"El fin de la educación no es hacer al hombre rudo, por el desdén o el acomodo imposible al país en que ha de vivir, sino prepararlo para vivir bueno y útil en él". José Martí
Vivimos en sociedad. Dependemos directa o indirectamente de ella. Siempre. Hasta el ermitaño llega a su aislamiento con mucha información obtenida socialmente. Eso nos obliga a ser agradecidos. Pero, si se tiene la mala fortuna de pertenecer a una comunidad mezquina, una que en vez de superar el fracaso, pretende disimularlo, ¿qué debe hacer el individuo?, ¿abandonarla y salvarse de la mediocridad o quedarse y tratar de sobrevivir junto a sus seres queridos? Responderme es muy difícil.
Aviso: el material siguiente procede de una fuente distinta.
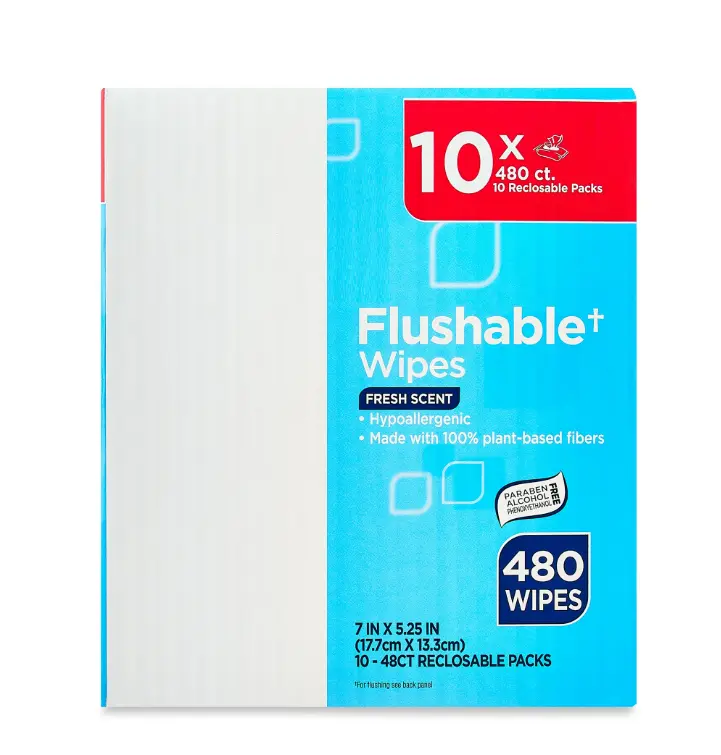 Hypoallergenic Wet Wipes, 480 Count, 10 Packs, Fresh Scent, Gentle Soft Personal Hygiene Cleaning Wipes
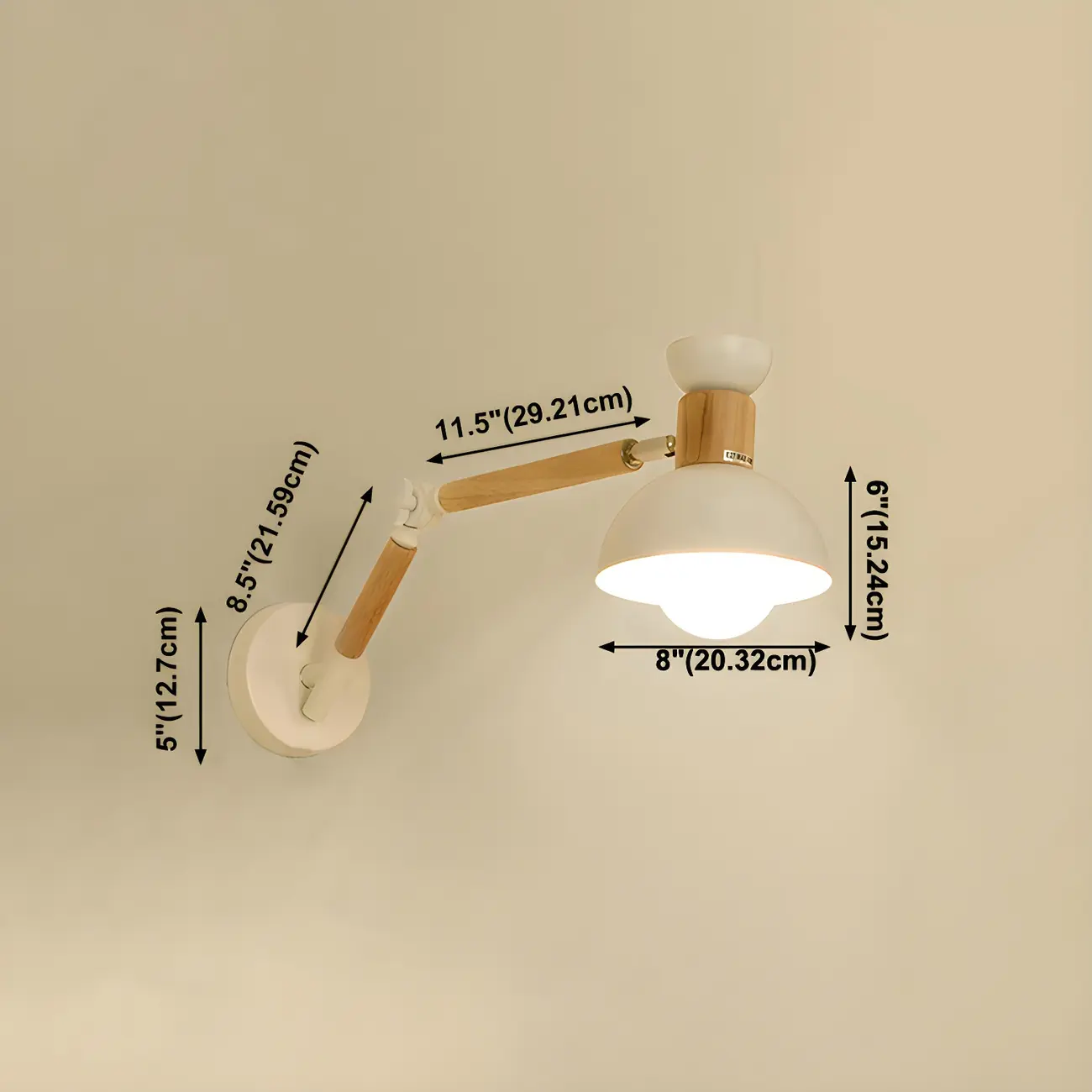 Modern Wood Metal Swing Arm Wall Light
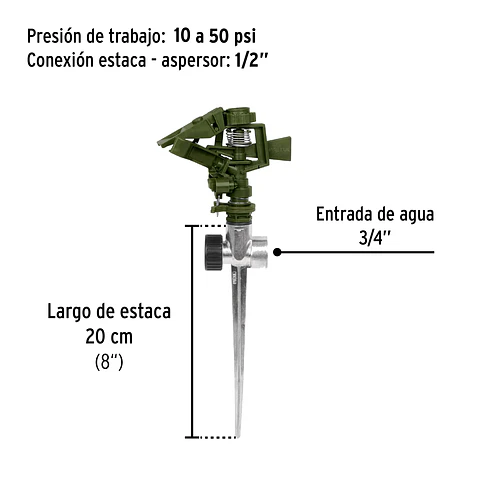 ASPERSOR PLASTICO, ESTACA METALICA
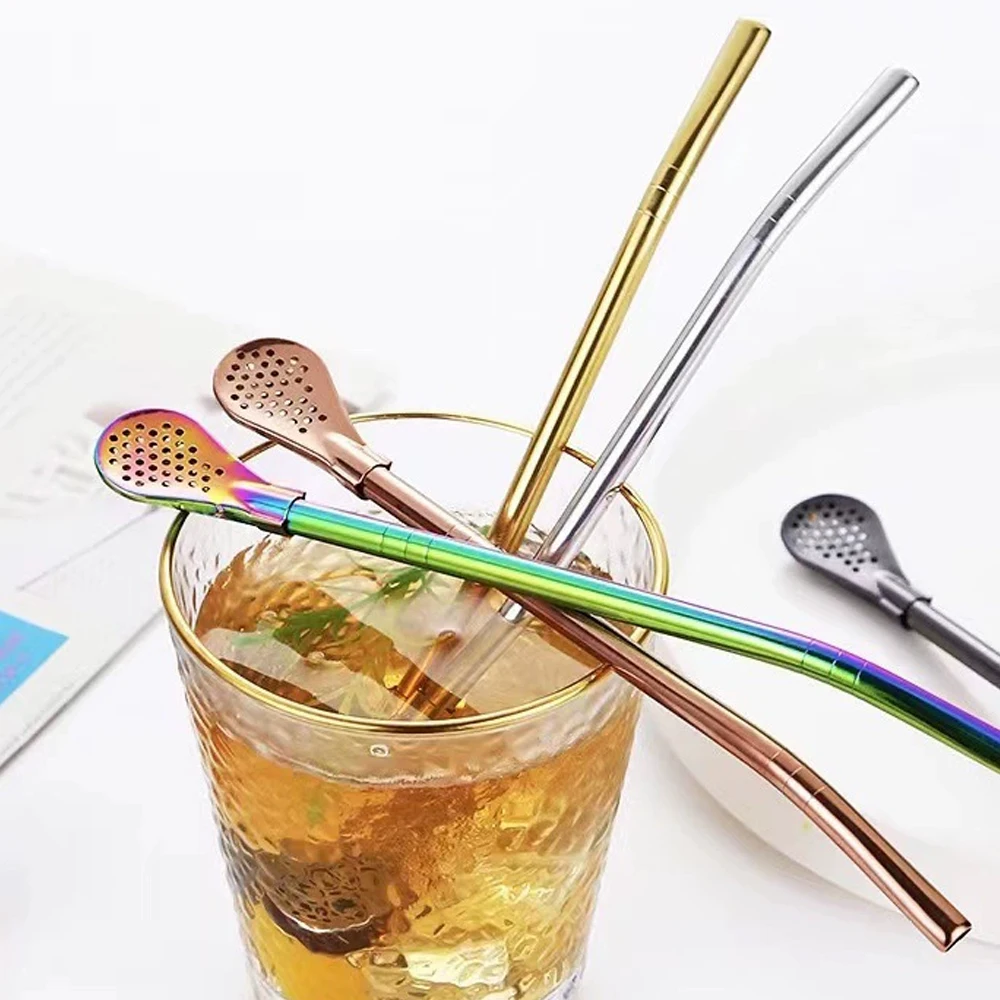 8pcs Filter Tea Straw Spoon Se - Coffee Tea Sugar Set ulasan dan harga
Hace muchos años y en plena crisis económica de los ochenta, me refiero a la crisis que precedió a la invasión militar estadounidense de 1989, un amigo me preguntó mi opinión sobre si era correcto o no mudarse de país. Mi respuesta fue un rotundo, contundente y vociferante: ¡no! ¡Que abandonar el país no era cosa de patriotas! Mi amigo me hizo caso y por suerte, él tuvo las virtudes necesarias para tener éxito profesional aquí en el Panamá de la post-invasión. De lo contrario, yo tendría un gran cargo de conciencia. He visto morir los sueños de otros amigos.
Sí, en estos últimos veinte años, he sido testigo de cómo hay gente que se ha echado al abandono y que no quieren asumir responsabilidades. ¡Y lo peor! De cómo abusan de aquellas personas diligentes que están preocupadas por resolver la problemática comunal. ¿Puede existir solidaridad sin justicia? ¿La lealtad que le debemos a nuestra familia y a la patria implica anularnos? ¿No es mejor huir antes que amargarse? Ya no me atrevo a señalar como traidor a quien decida abandonar su comunidad. Pero sé que la gente buena abunda. Aunque no soy cristiano practicante, la parábola del sembrador me ayudó a salir del dilema. Quien quiera hacer algo por la patria, lance semillas buenas y confíe en que otros serán la buena tierra. El abandonar o quedarse dentro de una comunidad sólo depende de la confianza.